Noyer was at pains to stress that consumers and financial institutions in France and the rest of the eurozone appeared relatively insulated from the effects of the meltdown of the sub-prime mortgage market across the Atlantic.
“Historically, there was some correlation between the U.S. and the EU economic cycles,” Noyer said. “Now it seems there could be at least a partial decoupling. That's not to say that we're immune from a weakening U.S. economy, but there are a series of factors that should dampen the effect.”
Specifically, he pointed to the resilience of the housing market on the Continent.

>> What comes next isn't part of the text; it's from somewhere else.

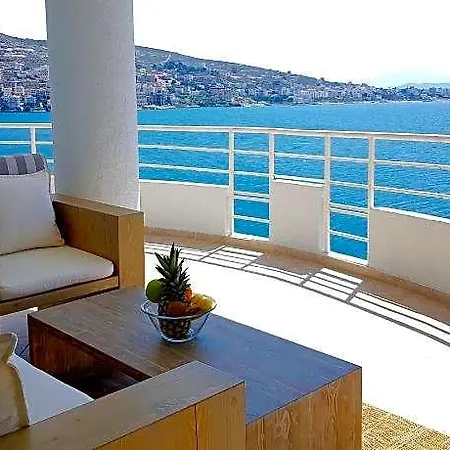 Limani Luxury Beachfront 1 Saranda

In addition, the weakness of the dollar seems to have made the rise in price of imported commodities more of a shock for U.S. consumers.

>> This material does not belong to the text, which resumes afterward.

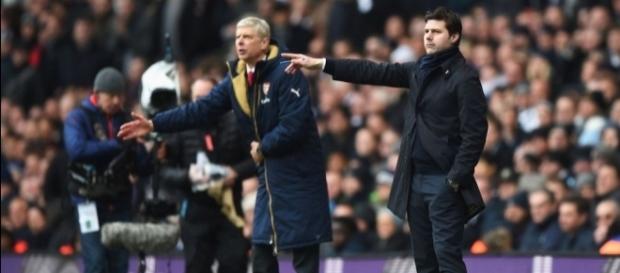 It has been a season of contrasting fortunes for Mauricio Pochettino and Arsene Wenger. (Source: beinsports.com) It has been a season of contrasting fortunes for Mauricio Pochettino and Arsene Wenger. (Source: beinsports.com)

And, he said, banks in the euro zone were not as exposed to suspect financial products based on risky mortgages as those in the United States and Britain.

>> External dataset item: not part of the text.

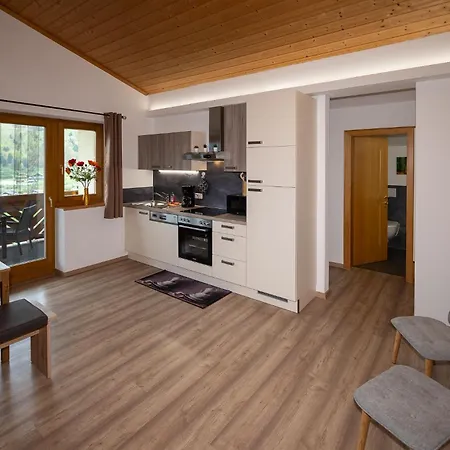 Haus Bodenfeld Apartment *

Noyer, who sits on the Governing Council of the European Central Bank in Frankfurt, is also chairman of the French Banking Commission, which regulates the sector in France.
As such, he said he has been assessing the balance sheets of all the big French banks before they reveal their 2007 results over the next month or so.
“I don't expect strong shocks,” he said during the interview at his office in Paris. “I'm reasonably confident that French banks will weather this turmoil without major trouble even though they are clearly, like all banks, in the world still in the process of marking down assets.”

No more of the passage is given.